**TASK BRIEF:** Where a line of the records holds the string "Chain", copy that line.

(Source records)
_ _ _

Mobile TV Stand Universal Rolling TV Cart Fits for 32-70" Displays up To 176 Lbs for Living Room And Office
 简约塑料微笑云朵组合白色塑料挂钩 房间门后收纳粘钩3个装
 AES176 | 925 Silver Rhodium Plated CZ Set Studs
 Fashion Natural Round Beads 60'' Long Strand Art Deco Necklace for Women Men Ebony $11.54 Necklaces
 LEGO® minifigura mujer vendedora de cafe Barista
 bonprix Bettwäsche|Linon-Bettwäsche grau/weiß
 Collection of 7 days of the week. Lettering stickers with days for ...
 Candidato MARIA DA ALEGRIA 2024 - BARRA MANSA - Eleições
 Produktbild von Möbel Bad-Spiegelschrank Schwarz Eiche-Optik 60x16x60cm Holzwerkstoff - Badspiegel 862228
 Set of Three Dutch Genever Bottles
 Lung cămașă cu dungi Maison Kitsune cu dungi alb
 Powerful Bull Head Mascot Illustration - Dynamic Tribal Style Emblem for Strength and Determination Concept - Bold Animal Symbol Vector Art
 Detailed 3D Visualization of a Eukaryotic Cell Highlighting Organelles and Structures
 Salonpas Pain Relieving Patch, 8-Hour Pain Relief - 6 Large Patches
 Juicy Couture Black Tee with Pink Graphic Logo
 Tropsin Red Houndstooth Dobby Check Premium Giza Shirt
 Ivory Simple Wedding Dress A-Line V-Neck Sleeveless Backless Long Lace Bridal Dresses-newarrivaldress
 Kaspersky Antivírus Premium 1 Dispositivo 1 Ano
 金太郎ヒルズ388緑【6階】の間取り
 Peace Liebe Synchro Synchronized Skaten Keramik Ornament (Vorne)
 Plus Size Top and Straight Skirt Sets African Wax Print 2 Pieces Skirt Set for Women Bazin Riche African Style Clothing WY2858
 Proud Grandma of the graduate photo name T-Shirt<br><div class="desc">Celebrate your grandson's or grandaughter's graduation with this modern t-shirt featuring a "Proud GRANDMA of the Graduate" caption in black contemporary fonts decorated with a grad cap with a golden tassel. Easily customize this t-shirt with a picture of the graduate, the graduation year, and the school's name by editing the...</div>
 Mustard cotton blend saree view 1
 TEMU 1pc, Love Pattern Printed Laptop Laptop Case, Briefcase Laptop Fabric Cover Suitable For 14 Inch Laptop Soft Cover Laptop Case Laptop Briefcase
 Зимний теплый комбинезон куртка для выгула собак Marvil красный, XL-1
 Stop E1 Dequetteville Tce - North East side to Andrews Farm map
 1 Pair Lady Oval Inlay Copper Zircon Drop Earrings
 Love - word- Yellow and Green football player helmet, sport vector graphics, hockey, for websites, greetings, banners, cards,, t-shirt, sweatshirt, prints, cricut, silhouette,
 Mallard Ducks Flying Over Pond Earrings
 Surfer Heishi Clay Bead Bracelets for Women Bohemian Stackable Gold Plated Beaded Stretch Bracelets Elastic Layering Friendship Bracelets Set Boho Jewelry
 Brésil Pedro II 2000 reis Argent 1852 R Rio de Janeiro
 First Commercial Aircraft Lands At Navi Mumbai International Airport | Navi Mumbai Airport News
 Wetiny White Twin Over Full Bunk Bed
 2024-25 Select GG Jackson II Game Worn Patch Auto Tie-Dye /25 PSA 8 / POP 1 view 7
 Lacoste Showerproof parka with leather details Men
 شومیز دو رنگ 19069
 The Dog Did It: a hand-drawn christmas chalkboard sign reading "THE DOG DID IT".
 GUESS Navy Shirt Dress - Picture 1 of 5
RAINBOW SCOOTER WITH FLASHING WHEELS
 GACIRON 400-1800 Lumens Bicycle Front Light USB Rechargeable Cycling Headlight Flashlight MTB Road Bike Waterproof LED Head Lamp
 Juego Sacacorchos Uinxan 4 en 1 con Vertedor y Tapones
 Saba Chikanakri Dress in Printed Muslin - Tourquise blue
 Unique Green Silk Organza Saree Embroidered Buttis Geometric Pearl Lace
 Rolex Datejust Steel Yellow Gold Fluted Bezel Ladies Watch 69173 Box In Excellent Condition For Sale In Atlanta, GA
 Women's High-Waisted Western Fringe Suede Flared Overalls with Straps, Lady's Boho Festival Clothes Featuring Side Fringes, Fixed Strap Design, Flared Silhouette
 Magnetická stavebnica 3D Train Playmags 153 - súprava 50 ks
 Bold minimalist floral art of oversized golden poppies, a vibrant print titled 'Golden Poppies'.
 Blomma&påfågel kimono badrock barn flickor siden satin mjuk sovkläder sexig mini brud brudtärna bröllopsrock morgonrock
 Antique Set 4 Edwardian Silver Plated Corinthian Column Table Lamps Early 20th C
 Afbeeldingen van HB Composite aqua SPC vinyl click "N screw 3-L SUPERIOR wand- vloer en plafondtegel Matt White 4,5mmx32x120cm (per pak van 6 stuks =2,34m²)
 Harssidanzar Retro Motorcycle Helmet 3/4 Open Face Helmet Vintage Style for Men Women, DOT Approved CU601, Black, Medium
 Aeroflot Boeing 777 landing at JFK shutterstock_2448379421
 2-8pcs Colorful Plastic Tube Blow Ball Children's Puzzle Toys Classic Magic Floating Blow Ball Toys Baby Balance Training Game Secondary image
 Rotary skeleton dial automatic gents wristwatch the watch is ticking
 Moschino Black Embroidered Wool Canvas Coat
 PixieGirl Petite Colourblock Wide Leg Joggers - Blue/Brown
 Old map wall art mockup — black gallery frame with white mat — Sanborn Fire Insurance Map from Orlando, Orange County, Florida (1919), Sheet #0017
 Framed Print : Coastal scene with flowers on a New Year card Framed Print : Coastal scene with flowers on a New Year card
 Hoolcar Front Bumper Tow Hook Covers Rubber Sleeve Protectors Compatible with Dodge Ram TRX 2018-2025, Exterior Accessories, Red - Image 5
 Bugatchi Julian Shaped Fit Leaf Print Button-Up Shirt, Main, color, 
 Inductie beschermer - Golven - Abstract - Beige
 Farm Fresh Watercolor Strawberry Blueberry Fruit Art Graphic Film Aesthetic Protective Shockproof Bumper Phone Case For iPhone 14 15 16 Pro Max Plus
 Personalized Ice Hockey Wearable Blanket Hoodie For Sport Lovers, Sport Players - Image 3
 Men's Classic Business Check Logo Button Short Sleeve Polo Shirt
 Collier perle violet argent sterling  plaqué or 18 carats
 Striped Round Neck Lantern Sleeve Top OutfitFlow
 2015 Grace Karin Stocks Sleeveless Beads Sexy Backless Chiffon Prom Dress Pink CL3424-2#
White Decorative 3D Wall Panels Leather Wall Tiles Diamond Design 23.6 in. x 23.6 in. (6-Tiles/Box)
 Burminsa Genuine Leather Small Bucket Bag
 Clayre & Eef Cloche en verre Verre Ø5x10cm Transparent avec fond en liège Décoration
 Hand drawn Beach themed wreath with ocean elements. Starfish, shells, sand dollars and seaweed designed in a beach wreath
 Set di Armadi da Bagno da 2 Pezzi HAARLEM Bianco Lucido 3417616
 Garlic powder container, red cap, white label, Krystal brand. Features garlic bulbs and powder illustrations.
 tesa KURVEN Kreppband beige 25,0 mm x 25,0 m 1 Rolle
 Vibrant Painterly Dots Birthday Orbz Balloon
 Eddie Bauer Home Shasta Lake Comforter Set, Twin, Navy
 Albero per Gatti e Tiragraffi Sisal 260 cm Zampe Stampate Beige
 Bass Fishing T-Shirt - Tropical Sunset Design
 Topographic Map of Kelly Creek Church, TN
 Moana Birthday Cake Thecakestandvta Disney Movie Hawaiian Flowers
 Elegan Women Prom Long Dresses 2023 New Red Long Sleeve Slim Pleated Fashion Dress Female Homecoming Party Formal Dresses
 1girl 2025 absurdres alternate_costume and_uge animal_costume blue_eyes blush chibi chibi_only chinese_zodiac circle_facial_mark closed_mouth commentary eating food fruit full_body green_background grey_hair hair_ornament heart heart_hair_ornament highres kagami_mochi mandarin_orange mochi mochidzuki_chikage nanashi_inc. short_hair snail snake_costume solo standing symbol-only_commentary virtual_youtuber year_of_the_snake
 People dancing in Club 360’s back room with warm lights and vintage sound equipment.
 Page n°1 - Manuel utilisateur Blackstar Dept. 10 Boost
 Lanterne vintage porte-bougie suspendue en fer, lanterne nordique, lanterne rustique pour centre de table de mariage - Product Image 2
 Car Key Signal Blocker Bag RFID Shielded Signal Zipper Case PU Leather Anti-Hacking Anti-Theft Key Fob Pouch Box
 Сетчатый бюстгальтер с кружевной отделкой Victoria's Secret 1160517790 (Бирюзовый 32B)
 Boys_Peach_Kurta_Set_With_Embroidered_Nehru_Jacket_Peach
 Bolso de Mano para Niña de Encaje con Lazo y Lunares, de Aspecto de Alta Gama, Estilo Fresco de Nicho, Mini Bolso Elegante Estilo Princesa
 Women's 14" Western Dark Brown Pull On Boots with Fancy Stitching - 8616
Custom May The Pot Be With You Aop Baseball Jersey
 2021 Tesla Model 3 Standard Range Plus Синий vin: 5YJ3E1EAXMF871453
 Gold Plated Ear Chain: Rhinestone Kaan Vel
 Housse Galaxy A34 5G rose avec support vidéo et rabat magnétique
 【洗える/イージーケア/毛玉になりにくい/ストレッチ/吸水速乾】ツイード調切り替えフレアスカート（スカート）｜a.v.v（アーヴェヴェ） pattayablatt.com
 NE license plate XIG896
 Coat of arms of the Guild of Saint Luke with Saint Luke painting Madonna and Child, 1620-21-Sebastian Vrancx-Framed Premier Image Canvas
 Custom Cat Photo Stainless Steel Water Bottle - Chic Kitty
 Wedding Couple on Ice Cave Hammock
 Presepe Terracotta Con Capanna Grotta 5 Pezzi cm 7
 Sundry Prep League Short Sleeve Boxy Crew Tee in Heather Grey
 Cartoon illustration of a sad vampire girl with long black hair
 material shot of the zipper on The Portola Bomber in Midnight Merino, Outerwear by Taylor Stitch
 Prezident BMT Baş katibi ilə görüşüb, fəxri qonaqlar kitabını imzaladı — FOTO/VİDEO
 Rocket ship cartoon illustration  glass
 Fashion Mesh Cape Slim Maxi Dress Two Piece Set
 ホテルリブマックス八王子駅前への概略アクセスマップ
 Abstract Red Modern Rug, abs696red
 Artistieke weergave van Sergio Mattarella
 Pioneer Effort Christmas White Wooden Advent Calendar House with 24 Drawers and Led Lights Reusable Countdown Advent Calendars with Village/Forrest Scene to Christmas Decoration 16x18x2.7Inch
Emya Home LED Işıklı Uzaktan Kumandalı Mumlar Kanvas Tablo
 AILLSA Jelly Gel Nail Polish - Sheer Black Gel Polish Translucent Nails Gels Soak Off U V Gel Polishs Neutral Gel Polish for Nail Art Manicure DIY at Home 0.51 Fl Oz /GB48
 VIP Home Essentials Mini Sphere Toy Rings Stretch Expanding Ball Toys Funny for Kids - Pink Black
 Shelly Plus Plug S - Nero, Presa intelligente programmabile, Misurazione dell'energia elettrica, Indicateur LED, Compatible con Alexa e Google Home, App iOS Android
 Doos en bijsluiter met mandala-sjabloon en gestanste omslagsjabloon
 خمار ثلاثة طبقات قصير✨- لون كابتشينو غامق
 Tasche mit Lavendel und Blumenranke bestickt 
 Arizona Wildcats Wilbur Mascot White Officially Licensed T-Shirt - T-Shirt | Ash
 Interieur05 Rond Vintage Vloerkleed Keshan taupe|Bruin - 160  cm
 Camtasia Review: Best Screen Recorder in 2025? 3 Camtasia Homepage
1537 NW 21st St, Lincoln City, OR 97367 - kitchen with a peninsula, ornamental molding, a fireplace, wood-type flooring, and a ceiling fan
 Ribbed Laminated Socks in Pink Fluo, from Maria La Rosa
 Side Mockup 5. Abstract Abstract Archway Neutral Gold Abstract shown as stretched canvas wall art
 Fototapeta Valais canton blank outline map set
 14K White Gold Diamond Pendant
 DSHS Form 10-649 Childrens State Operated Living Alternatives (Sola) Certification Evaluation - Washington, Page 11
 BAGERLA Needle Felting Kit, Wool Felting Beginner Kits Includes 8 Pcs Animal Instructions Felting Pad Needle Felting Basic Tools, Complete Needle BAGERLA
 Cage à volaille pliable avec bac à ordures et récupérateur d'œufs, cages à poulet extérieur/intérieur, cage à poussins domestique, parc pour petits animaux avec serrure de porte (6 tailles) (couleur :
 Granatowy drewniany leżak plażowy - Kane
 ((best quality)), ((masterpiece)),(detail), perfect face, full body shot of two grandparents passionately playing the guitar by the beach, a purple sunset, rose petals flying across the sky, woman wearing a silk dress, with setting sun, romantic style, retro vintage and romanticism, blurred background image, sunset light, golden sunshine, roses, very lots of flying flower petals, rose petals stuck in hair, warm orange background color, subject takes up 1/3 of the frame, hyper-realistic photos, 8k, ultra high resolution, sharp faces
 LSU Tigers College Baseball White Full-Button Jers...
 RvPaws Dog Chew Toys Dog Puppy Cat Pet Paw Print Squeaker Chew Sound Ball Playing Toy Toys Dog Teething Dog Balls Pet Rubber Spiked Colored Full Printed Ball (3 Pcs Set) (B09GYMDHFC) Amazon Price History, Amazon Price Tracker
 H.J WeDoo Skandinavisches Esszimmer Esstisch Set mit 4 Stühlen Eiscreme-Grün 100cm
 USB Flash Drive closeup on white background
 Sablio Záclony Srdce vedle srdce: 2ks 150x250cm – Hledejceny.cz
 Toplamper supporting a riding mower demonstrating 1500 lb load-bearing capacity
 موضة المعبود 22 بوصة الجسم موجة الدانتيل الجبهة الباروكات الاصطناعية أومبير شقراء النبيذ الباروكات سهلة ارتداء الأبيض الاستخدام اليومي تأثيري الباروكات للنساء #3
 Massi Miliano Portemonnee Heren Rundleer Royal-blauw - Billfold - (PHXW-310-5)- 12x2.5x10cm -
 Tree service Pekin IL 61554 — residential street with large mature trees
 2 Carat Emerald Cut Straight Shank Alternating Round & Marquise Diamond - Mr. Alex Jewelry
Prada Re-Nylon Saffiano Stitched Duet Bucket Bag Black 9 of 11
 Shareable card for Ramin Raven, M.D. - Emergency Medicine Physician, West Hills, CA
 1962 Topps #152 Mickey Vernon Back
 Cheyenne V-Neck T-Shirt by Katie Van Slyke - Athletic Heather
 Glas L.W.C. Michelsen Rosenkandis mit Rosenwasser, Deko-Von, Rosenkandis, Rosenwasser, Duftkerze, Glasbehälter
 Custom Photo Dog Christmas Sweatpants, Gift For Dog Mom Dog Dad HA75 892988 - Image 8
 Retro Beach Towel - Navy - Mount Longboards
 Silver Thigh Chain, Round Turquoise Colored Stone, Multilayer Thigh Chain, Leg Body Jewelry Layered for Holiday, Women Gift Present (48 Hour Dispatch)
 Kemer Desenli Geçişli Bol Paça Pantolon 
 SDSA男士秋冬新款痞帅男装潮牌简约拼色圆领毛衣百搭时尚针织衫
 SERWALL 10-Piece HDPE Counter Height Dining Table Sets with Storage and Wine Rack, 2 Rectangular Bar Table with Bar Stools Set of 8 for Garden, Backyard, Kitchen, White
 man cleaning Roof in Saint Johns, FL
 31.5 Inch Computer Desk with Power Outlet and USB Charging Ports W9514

_ _ _

**TASK RESULT:**
 Gold Plated Ear Chain: Rhinestone Kaan Vel
 Silver Thigh Chain, Round Turquoise Colored Stone, Multilayer Thigh Chain, Leg Body Jewelry Layered for Holiday, Women Gift Present (48 Hour Dispatch)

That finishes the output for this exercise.